Species of butterfly

Polyommatus damon, the Damon blue, is a butterfly of the family Lycaenidae.

==Subspecies==
Subspecies include:
- Polyommatus damon damon – (Central and Southern Europe)
- Polyommatus damon kotshubeji (Sovinsky, 1915) – (Transcaucasia)
- Polyommatus damon merzbacheri (Courvoisier, 1913) – (Dzungarian Alatau Mountains)
- Polyommatus damon mongolensis (Koçak, 1980) – (Mongolia, South Siberia, Altai Mountains)
- Polyommatus damon noguerae (De Sagarra, 1924) – (Central and Northern Spain)
- Polyommatus damon ultramarina (Schawerda, 1924) – (Alps)
- Polyommatus damon zhicharevi (Sovinsky, 1915) – (North Caucasus, South East Europe)

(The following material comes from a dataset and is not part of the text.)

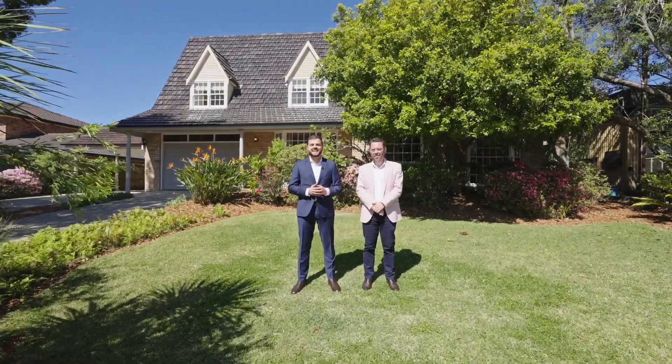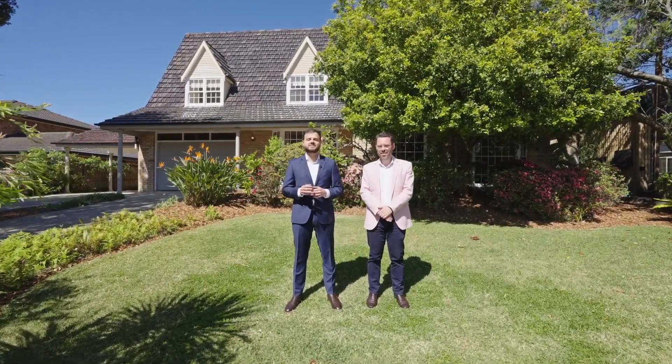With endless potential, this long-standing family home is in one of St Ives' most brilliant locations. Welcome to 26 Oxley Avenue.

==Distribution and habitat==
The Damon blue can be found in Central and Southern Europe (central Spain, Pyrenees, Alps, Balkans and the Carpathians) and across the Palearctic to Siberia, Mongolia and the Altai Mountains This mountain species inhabits dry bushy or light woodlands and open grassy places at an elevation of 990–2100 m above sea level.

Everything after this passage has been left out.